§ YOUR TASK
Beneath this line are the data; copy exactly the part of them that opens with the line containing "Organizzatore auto multi-tasca" and closes with the line containing "BELKIN Lightning to", and only that part.
*** Opening of EXTRACTED INFORMATION ***
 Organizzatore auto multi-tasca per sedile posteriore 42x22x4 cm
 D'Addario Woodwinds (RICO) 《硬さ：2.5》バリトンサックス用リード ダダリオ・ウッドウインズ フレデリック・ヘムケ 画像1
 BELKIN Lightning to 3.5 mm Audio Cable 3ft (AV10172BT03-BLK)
*** Close of EXTRACTED INFORMATION ***
*** Opening of EXTRACTED INFORMATION ***
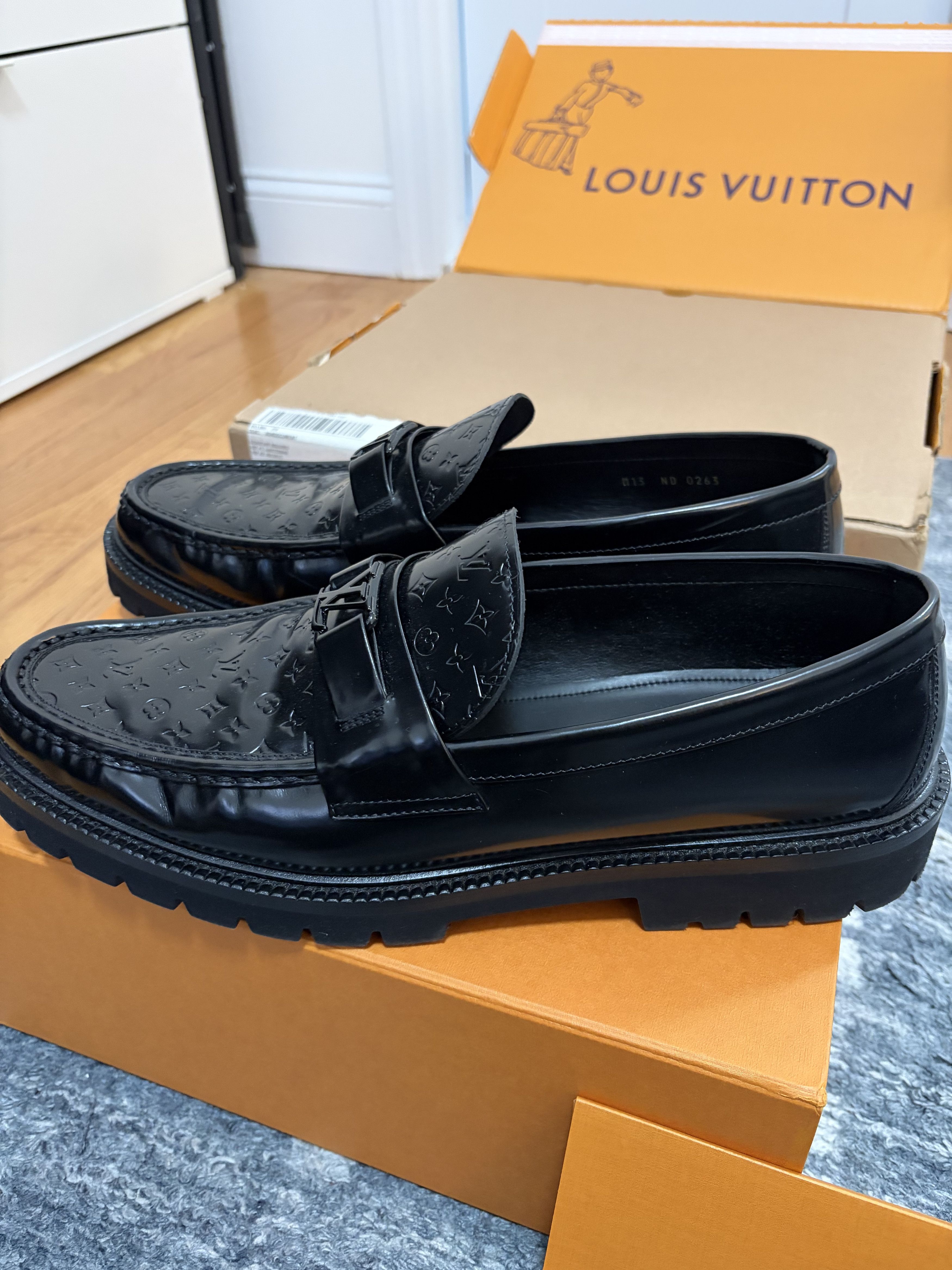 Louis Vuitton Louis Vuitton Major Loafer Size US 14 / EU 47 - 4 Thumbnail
*** Close of EXTRACTED INFORMATION ***
§ RESPONSE TO THIS EXERCISE
 Organizzatore auto multi-tasca per sedile posteriore 42x22x4 cm
 D'Addario Woodwinds (RICO) 《硬さ：2.5》バリトンサックス用リード ダダリオ・ウッドウインズ フレデリック・ヘムケ 画像1
 BELKIN Lightning to 3.5 mm Audio Cable 3ft (AV10172BT03-BLK)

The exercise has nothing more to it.